Remote voice assist Pipeline - Whisper

In this post, I’d like to show you how to run Whisper on a different computer, outside your Home Assistant server.

Many users run Home Assistant on a Raspberry Pi or a small PC. While Whisper (especially with fast and small models) can work on those setups, its performance is often suboptimal. Since Wyoming allows for a remote Whisper installation, I decided to test running Whisper on my MBP M1. In theory, it should run much faster, won’t consume resources from my limited Home Assistant host, and will still operate locally within my network.

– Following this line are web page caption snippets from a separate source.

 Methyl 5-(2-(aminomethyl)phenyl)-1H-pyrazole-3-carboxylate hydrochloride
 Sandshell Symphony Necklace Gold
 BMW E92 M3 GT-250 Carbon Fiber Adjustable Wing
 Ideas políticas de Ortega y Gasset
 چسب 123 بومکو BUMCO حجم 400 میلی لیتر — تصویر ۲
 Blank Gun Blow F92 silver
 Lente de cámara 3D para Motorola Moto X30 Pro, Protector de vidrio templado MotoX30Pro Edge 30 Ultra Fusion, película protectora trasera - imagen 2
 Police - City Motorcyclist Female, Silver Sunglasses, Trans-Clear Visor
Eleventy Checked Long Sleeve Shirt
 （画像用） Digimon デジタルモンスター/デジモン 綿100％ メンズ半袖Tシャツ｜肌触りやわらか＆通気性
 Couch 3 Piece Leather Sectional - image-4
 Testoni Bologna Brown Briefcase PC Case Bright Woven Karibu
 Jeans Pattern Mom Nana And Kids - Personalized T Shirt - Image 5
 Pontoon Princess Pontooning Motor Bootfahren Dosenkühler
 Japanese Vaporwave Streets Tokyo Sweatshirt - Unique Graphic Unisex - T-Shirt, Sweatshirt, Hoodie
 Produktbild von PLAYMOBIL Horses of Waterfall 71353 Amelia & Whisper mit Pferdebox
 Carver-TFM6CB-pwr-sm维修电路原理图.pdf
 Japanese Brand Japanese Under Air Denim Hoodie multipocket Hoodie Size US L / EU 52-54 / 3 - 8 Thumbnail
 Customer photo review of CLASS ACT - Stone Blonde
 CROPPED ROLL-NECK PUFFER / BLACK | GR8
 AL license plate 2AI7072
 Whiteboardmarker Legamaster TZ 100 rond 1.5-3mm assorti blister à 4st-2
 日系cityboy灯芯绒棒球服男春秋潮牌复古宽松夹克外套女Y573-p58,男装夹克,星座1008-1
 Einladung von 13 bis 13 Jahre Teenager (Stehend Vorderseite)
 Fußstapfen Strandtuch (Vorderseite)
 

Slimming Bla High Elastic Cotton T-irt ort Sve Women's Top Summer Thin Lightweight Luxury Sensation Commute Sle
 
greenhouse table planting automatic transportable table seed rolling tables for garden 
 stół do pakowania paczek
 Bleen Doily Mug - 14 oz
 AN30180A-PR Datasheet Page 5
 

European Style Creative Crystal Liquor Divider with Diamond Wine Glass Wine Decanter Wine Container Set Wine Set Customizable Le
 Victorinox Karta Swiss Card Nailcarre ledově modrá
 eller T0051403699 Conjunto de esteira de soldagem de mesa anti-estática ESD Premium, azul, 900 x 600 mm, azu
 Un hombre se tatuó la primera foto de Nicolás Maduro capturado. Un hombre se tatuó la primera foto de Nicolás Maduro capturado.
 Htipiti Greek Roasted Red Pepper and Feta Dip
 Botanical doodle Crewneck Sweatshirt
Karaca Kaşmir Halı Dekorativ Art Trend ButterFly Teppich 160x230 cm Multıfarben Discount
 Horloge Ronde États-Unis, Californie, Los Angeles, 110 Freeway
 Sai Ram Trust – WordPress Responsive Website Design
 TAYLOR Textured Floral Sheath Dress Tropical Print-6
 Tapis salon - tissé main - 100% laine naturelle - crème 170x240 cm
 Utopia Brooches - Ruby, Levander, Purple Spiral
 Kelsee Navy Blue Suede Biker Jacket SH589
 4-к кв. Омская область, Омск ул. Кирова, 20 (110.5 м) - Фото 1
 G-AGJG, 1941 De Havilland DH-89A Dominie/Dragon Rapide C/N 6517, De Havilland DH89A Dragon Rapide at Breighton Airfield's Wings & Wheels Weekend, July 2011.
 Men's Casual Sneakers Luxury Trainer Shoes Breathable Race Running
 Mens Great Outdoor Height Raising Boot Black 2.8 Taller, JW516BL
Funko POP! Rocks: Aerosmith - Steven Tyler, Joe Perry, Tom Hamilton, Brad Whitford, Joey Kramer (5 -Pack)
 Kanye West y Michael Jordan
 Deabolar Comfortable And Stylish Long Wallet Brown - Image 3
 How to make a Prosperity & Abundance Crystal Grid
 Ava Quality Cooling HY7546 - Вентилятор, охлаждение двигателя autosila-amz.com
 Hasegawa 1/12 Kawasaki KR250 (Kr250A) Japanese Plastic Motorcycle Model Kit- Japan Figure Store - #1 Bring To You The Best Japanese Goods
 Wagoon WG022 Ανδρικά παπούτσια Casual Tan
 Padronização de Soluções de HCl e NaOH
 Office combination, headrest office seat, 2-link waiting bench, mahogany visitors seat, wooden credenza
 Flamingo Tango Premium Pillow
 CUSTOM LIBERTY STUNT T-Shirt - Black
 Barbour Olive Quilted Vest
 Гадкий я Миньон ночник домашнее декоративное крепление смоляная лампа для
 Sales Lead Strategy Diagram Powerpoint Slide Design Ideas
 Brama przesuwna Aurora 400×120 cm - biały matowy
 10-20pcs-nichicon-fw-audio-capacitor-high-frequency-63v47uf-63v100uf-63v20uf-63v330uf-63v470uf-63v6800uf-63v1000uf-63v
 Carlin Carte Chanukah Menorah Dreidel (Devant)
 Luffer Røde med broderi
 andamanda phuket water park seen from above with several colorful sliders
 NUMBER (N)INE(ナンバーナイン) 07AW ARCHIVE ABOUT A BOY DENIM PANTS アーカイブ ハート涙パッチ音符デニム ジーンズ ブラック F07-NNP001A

In this post, I’ve included some screenshots with Spanish localization. I hope it’s easy enough to follow in other languages. Let’s get started!


Local baseline

First, I started with the Local pipeline as described in Getting started - Local - Home Assistant. I’m running Home Assistant on a computer with an Intel N100 (4 cores) and 16GB of RAM. Despite being more powerful than a Raspberry Pi, the results are not great:

slow local piper

The recording is about 3.2 seconds long, and it took 5.4 seconds to process.

Remote setup

I wanted to run Whisper on my MBP, which is quite powerful (M1 Max CPU, 65GB RAM). This guide assumes you already have git and Python 3.12 installed. I tried different Python versions, but at the time of writing, only Python 3.12 worked.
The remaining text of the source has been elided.